4.
Беньямин не закрывает глаза на тот факт, что город является фундаментальной колыбелью капиталистического производства, потребления и обращения. Часто, гуляя по улицам Нью-Йорка, он воображал себе ценники, свисающие с каждого предмета и со всех прохожих. Большая часть городского пространства была произведена и постоянно воспроизводится теми, кто находится у власти, для самых хладнокровных, самых оппортунистических экономических целей. Не только открытие шикарного нового кафе с пенистым капучино, но даже строительство симпатичного общественного парка с красочной детской площадкой можно рассматривать как исполнение очень специфических желаний очень специфического сегмента правящего класса. Каждый аспект живой культуры города, все способы его кажущегося свободным самовыражения могут рассматриваться разочарованным наблюдателем как то же самое проявление аморфной «символической экономики»[224], которая может быть столь же влиятельной, угнетающей и манипулятивной, как и честная, жестокая, материальная экономика, если не больше. Метрополис усеян неброскими знаками, которые притягивают одних людей и отталкивают других в соответствии с их классом. Но, как и в случае со связью между промышленным развитием и модернизмом, Беньямин утверждает, что урбанизм очень тесно связан с капитализмом и его очевидными неудовлетворенностями, но не сводится к нему полностью.5.
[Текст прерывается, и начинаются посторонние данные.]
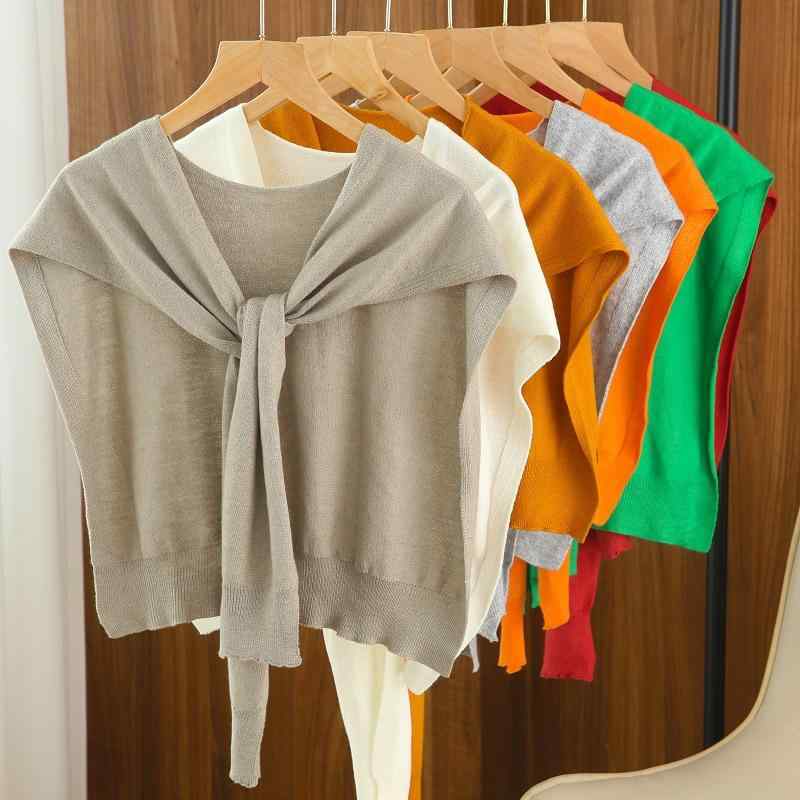 ショール レディース 春夏秋 ポンチョ ボレロ 羽織り ショート丈 プルオーバー ケープ 無地 単色 経編..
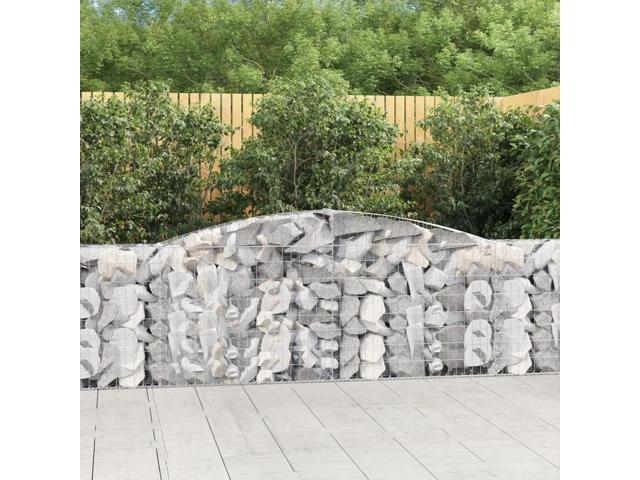 vidaXL Gabion Basket Silver Galvanized Iron 157.5 x 11.8 x 31.5/39.4 in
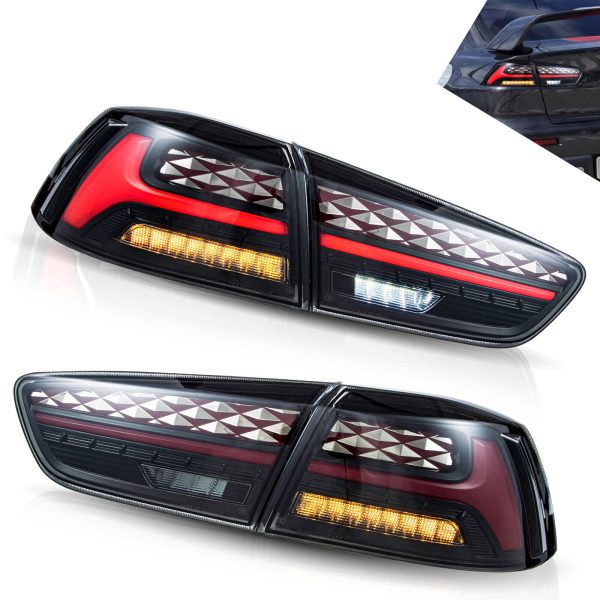 Vland Mitsubishi Lancer & EVO X LED Tail Lights Smoked Lens Sequential Indicator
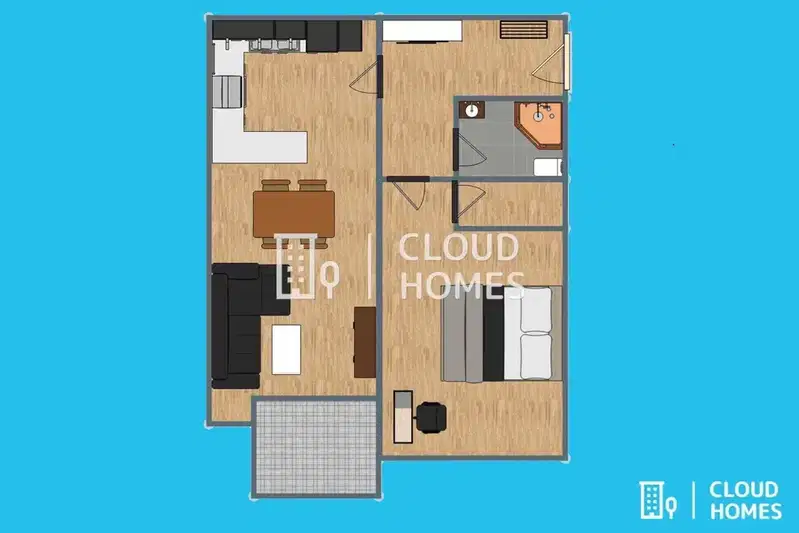 Two-room apartment with balcony in Zona B-5, Sofia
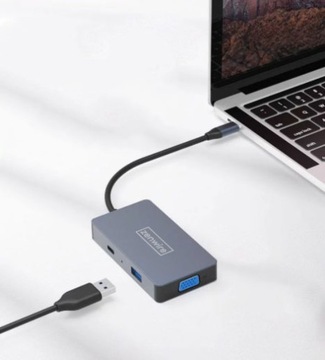 АДАПТЕР-ХАБ Адаптер-разветвитель 5 В 1 USB-C 3.1 2x HDMI 4K VGA USB 3.0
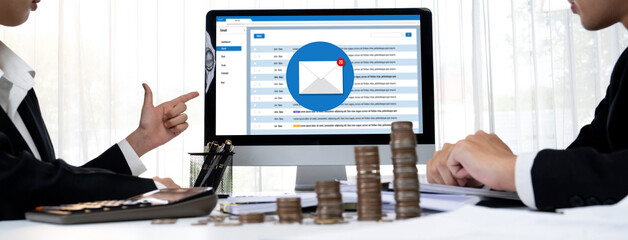 Email notification message showing on computer screen brisk. Digital marketing message information...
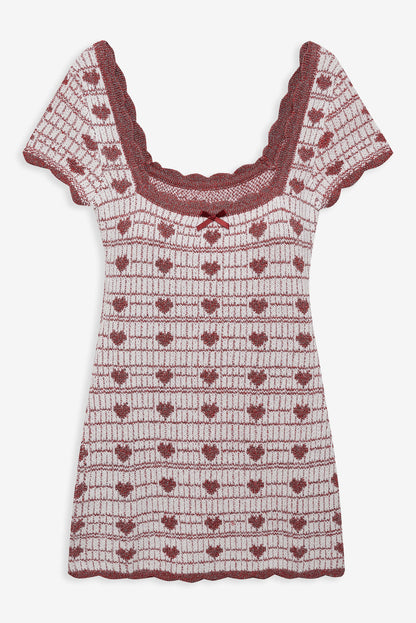 Candy Heart Knit Mini Dress - Cream | For Love and Lemons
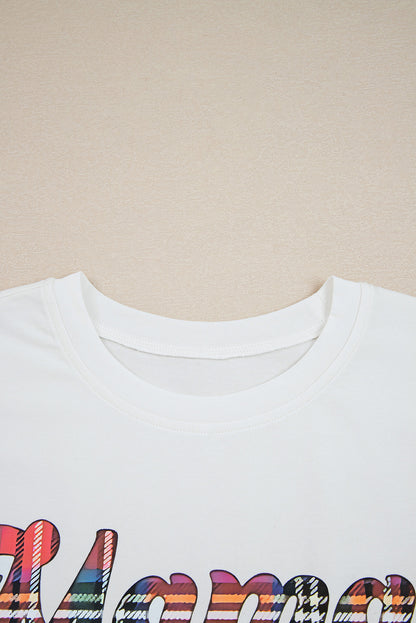 Pink Mama Claus Plaid Letter Tee Nutcracker Shorts 2pcs Lounge Set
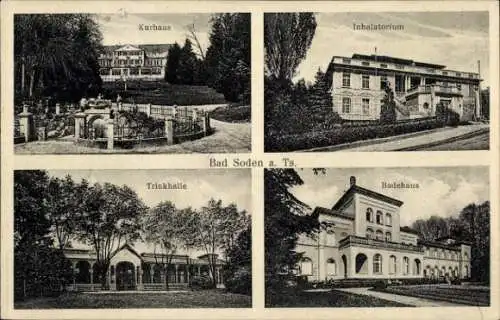 Ak Bad Soden am Taunus Hessen, Kurhaus, Inhalatorium, Trinkhalle, Badehaus, vier Ansichten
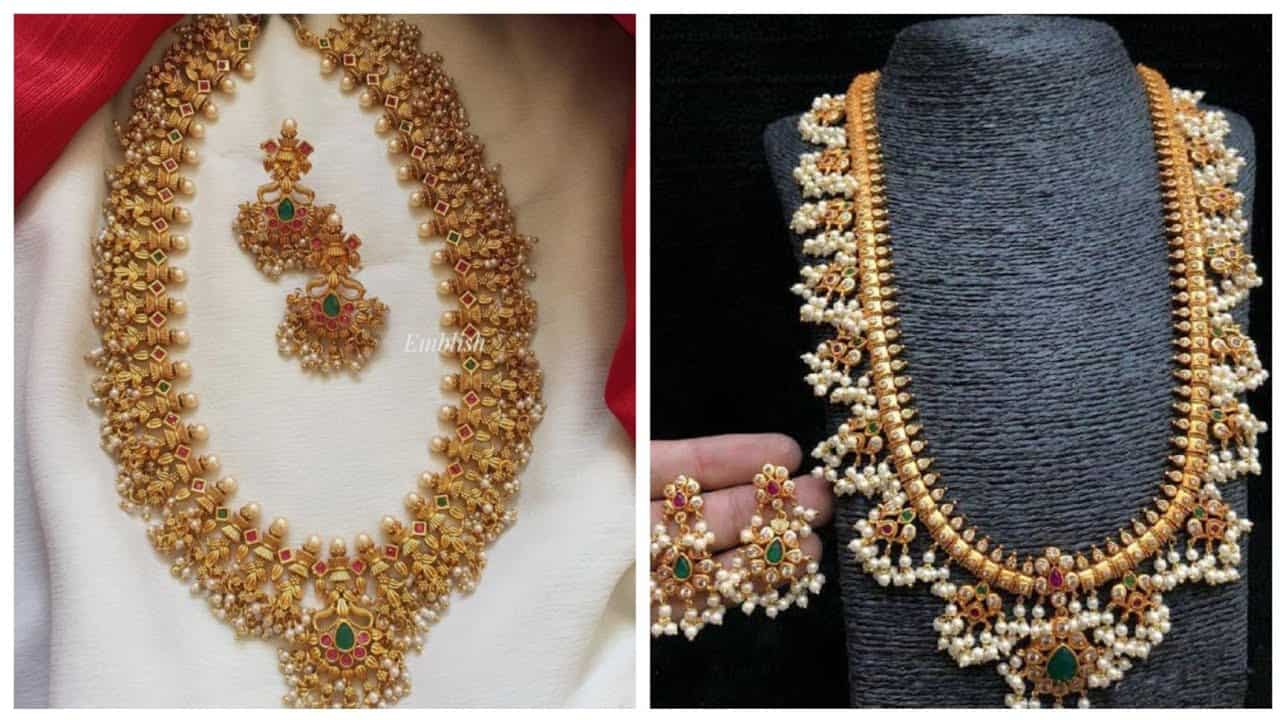 Long-haram-with-pearlbridal-necklaceswedding-jewelleryantique-jewellerygold-necklace-designs Jpg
Даже Дэвид Харви, человек, которому принадлежит беспощадная оценка города как своего рода хитроумной финансовой пирамиды Понци, признает, что по-прежнему можно провести различие между городом как архитектурной формой (движимой меновой стоимостью) и урбанизмом как образом жизни (движимым потребительной стоимостью). Беньямин всем сердцем поддерживает призыв Харви о «прокладывании дороги от урбанизма, основанного на эксплуатации, к урбанизму, достойному человеческих существ»[225]. Для обоих урбанизм, а не экзистенциализм является гуманизмом или, по крайней мере, чем-то, что осталось от этой искаженной концепции. Однако для Харви это уравнение требует неомарксистской революции, которая изменит лицо города, каким мы его знаем. Беньямин не склонен разделять этот коммунистический взгляд на капиталистическую ложь. В лучшем случае его работа – это попытка революционизировать наши представления о городе так, как мы его видим, со всеми его микроскопическими сложностями и макроскопическими силами. Урбанизм как образ жизни – это не утопия в туманном будущем, а реальность, которую Манхэттенский проект позволяет ухватить в беспорядочном настоящем, наряду (а не вместо) неоспоримого, основанного на эксплуатации урбанизма, который так тщательно исследуют Харви и другие.6.
В основе марксистского анализа городов лежит неизбежная напряженность, лучше всего выраженная в названии книги Харви Социальная справедливость и город. Социальная справедливость – вещь благородная и прекрасная, как и город. Проблема, конечно, в их соединении, создающем упрямый конфликт, вроде того, что содержится в заглавии эссе Арендт Правда и политика[226]. Можно ли продвигать одновременно и социальную справедливость, и урбанизм, или это попытка и невинность сохранить и капитал приобрести? Это сложный вопрос, потому что на самом деле не города, а государства предназначены управлять людьми с помощью равенства всех перед законами и подзаконными правилами (хотя часто они делают прямо противоположное). В отличие от суверенного государства и его обширной правовой системы, городу не требуется, и он не имеет инструментов для обеспечения слепой справедливости для всех. Если богиня города до сих пор изображается с завязанными глазами, то причина в том, что она имитирует Фортуну, а не Юстицию. Как и природа, город по своей сути ни справедлив, ни несправедлив; он просто есть.